Hilfe für den wilden Atlantik-Lachs

Nordatlantik. Der atlantische Lachs ist ein faszinierender Fisch. In seinem Lebenszyklus schwimmt er vom Fluss seiner Geburt bis in den Nordatlantik und wieder zurück. Überfischung, die Regulierung der Flüsse und weitere Faktoren habe seinen Bestand massiv schrumpfen lassen. Doch es gibt gute Nachrichten für den wilden Lachs des Nordens – von mehreren Seiten.

Lachs

Atlantiklachs. Foto William Hartley/ U.S. Fish & Wildlife Service

So haben die Schutzorganisationen  North Atlantic Salmon Fund und Atlantic Salmon Federation ein Abkommen mit der grönländischen Fischereigewerkschaft geschlossen (Kalaallit Nunaani Aalisartut Piniartullu Kattuffiat, KNAPK): Zwölf Jahre lang soll auf den kommerziellen Fang von Atlantiklachs verzichtet werden. Die Fischer erhalten dafür eine Kompensation aus Spendenmitteln. Das Gebiet zwischen Grönland und den Färöer ist besonders wichtig für die Lachse: Dort treffen sich die erwachsenen Fische aus rund 2000 Flüssen, vom amerikanischen Penobscot River ebenso wie vom isländischen Laxá, dem norwegischen Altaelva und dem Warsugafluss auf der russischen Kolahalbinsel, um sich satt zu fressen.  Was im Ozean gefangen wird, kann nicht mehr in den Heimatfluss zurückkehren und laichen. Mit der färöischen Organisation Laksaskip gibt es ein solches Abkommen bereits seit 22 Jahren, es wurde nun verlängert. So sollen noch mehr Fischgenerationen sich vermehren können.

Piteälv

Piteälv, Schweden

Der Atlantiklachs schwimmt auch durch die Ostsee zurück in seinen Fluss – sofern er denn durchkommt und ihm kein Staudamm ohne Fischtreppe den Weg versperrt.  Die Bedürfnisse der Flößerei haben früher ebenfalls zu Veränderungen der Flüsse geführt – dass das Holz an Felsen hängenblieb, war natürlich nicht erwünscht. Für den Lachs-Laich und den Lachs-Nachwuchs ist jedoch gerade eine vielfältige Flusslandschaft mit geschützten Nischen wichtig. In einem riesigen Naturschutzprojekt hat Schweden nun begonnen, 200 Flusskilometer zu renaturieren, wie SVT berichtet – nicht nur, aber auch für den Lachs. Zu den Flüssen, in denen der Lachs sich dann wieder besonders gut vermehren soll, gehören Piteälv, Råneälv und Kalixälv.

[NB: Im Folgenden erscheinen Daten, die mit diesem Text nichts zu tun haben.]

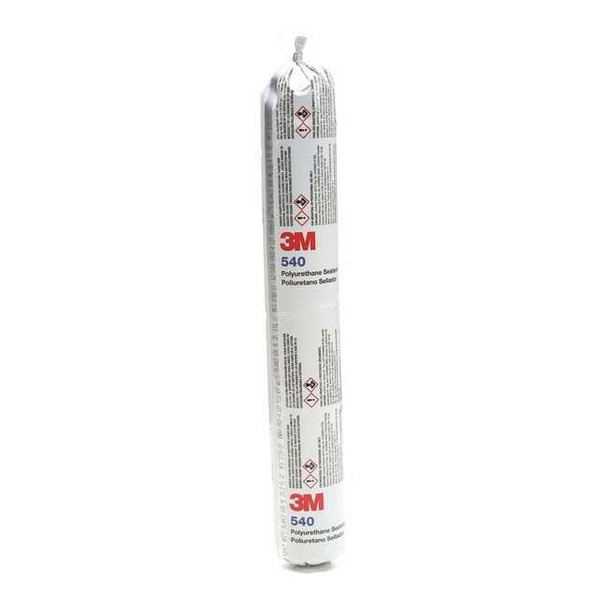 3m Polyurethane Sealant, 20 oz, Sausage Pack, White, Polyurethane Base, 540 540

Auch Krankheiten machten und machen dem Atlantiklachs zu schaffen, zum Beispiel der Parasit Gyrodactylus Salaris. Er kam auf importierten Lachsen und Regenbogenforellen nach Norwegen, verbreitete sich in 48 Flüssen und ist meist tödlich für den Fischbestand.  Besonders schlimm war dies im nordnorwegischen Fluss Vefsna. Dort herrschte der Parasit fast 40 Jahre lang. Ab 2012 bekämpfe die Behörde ihn mit Gift (Rotenon). Seit vergangenem Herbst gilt der Fluss als parasitenfrei, und man hofft nun wieder auf Lachs dort, berichtet NRK.

Lachszucht

Lachszucht in Nordnorwegen. Foto Dagmar Hemmie

Viele Menschen sehen Lachs nicht nur gerne im Fluss, sondern auch auf dem Teller. Wildlachs-Fang könnte die aktuelle Nachfrage allerdings nicht befriedigen, Zuchtlachs ist aus mehreren Gründen umstritten: Die Tiere leben enger zusammen als in Freiheit, was die Verbreitung von Krankheiten erleichtert, Medikamente gelangen ins Meer und flüchtige Tiere gefährden den wildlebenden Bestand. Die Umweltorganisation  Natur og Ungdom fordern deshalb strengere Standards, der WWF versucht solche durch Kooperation mit Firmen umzusetzen, Greenpeace rät von Atlantiklachs generell ab.